I tuned in a few minutes too late and missed the first highlight that jeremy shared. The one before the awesome VAE blog post. Does anyone remember what he shared? I often find those snippets to be very valuable and I was planning to go back and rewatch that part but the rerecording didn’t include that part.


#287

Makes sense! I’ll try to play around this tomorrow, it’ll be good practice. :grinning:


(Lucas Goulart Vazquez) #288

In Bbox per cell section one of the transforms is:

RandomLighting(0.05, 0.05, tfm_y=TfmType.COORD

Why we are making a light transform coordinated with the bounding boxes?


(Jeremy Howard) #289

You can check the video! :slight_smile:


(Jeremy Howard) #290

As mentioned in class, it’s redundant - doesn’t actually do anything here. But doesn’t hurt either.


(Suvash) #291

Finally got around catching up with the second half of the lecture. That was pretty intense :crazy_face: ! The conceptual explanation was super :ok_hand: , will now have to think more about it :thinking: and mess around with the notebooks.

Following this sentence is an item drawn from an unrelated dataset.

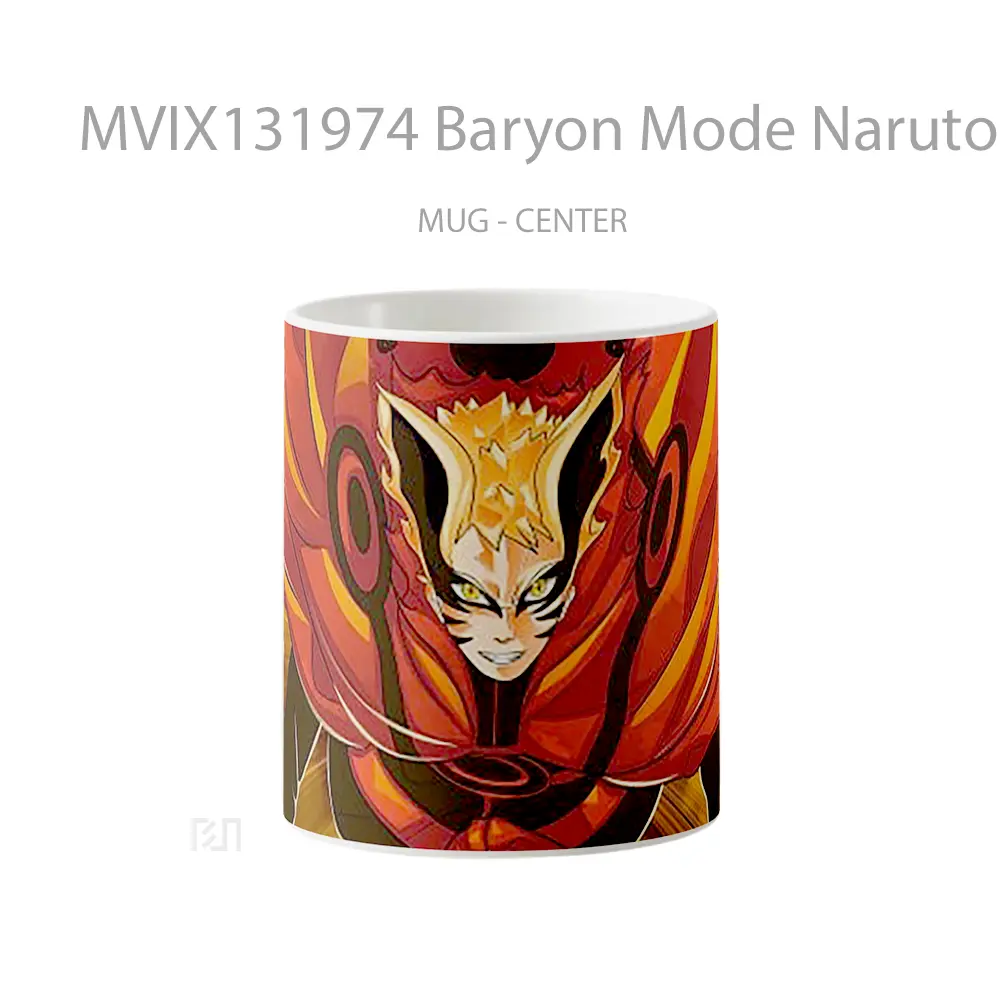 Mug Baryon Mode Naruto V1 Cangkir Anime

I somehow had this random idea into the first half of the lecture, that if we made the anchor boxes small enough(1px), we could then start classifying at the pixel level. But clearly, I hadn’t thought it through, and my dreams are shattered now. :sob:


(Jeremy Howard) #292

Sure you can :slight_smile: As long as you have pixel-level labels. And if you do, it’s called segmentation, and we’ll be learning that later in this course…


(Suvash) #293

Omg yes !


(Jeremy Howard) #294

I found a bug in flatten_conv in the pascal-multi notebook. Fixed now. Makes finding the smaller objects look much better when k>1.


(Rudraksh Tuwani) #295

Ah, yes. But what if we want to do it in a single pass for images which contain multiple objects of interest? Say you want to detect all the faces in an image and straighten them all in a single pass. Although I’m still skeptical about the use cases, for faces we’d probably be better off using face alignment models.


(Hiromi Suenaga) #297

I need a little bit of a help here with BatchNorm :slightly_frowning_face:

Here I think Jeremy says “BatchNorm is meant to move towards a [0, 1] random variable”. Wouldn’t BN try to make the mean of the activation closer to 0 and standard deviation closer to 1, so activations should be (hopefully) somewhere between -1 and 1?


(Jeremy Howard) #298

Nearly - a standard deviation of 1 means ~68% should fall between -1 and 1, if normally distributed. https://en.wikipedia.org/wiki/68–95–99.7_rule

Although also there are the beta and gamma coeffs (the affine transform) in the batchnorm layer, which can then pull the mean and std away from 0,1 again…


(Hiromi Suenaga) #299

Ohhhh, I got it. 0, 1 is not a range but they correspond to mean and std. I was scratching my head because there must be negative values that we don’t want to chop off with ReLU right after.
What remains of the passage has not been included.